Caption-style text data
==*==

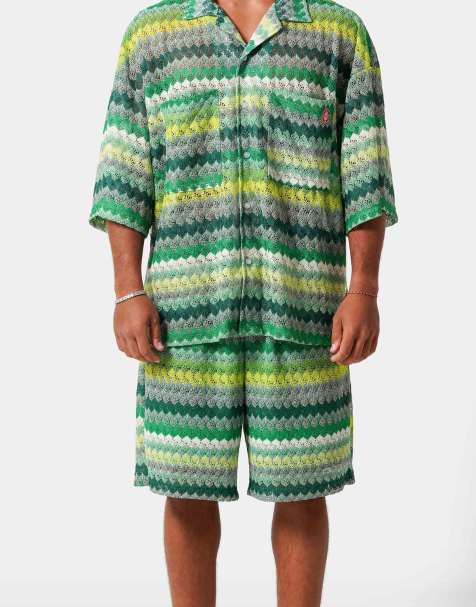 Sixth June – Farbenfrohe Oversize-Shorts aus Häkelstoff in Grün - view 1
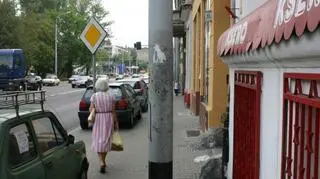 Wyrastająca z ziemi olbrzymia latarnia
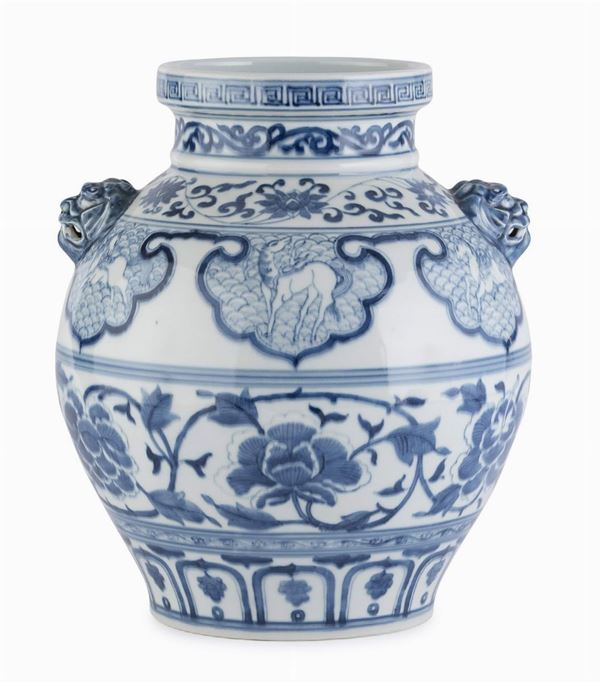 VASO IN PORCELLANA BIANCO E BLU, CINA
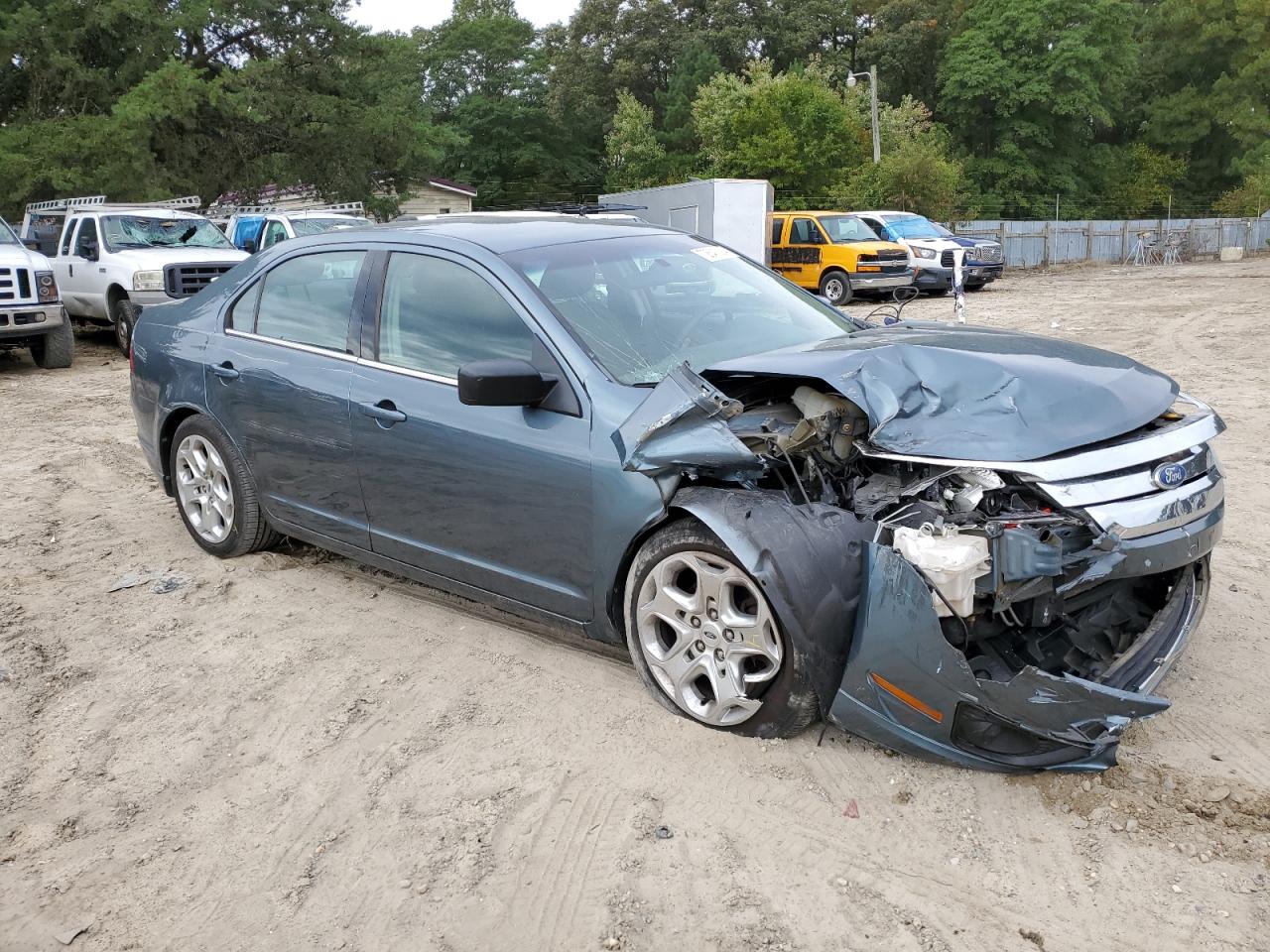 2011 Ford Fusion VIN 3FAHP0HA6BR125086 Copart auction photo, front end / side damage thumbnail 4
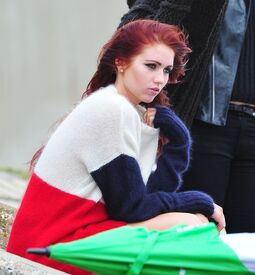 AmyChilds_VoguePSCandids26thJune20112.jpg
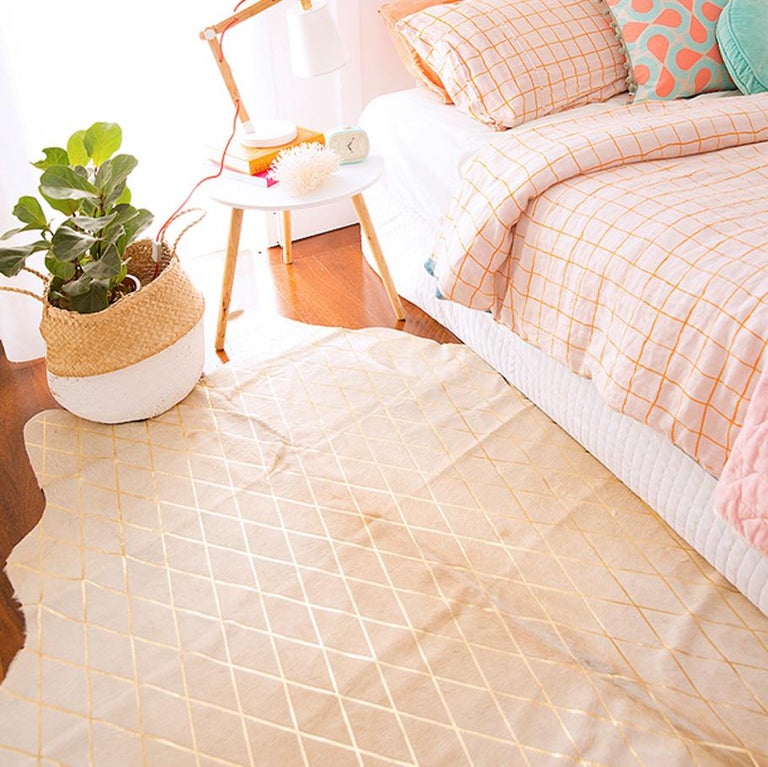 Gold Metallic Diamond Pattern Caramel Cowhide Rug, Large For Sale at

==*==

• [TASK TO COMPLETE]
Excluding the pictures, restate word for word the lines from the one that holds "AmyChilds_VoguePSCandids26thJune20112.jpg" through the last line of the entries, both ends included.

• [EXERCISE SOLUTION]
 AmyChilds_VoguePSCandids26thJune20112.jpg
 Gold Metallic Diamond Pattern Caramel Cowhide Rug, Large For Sale at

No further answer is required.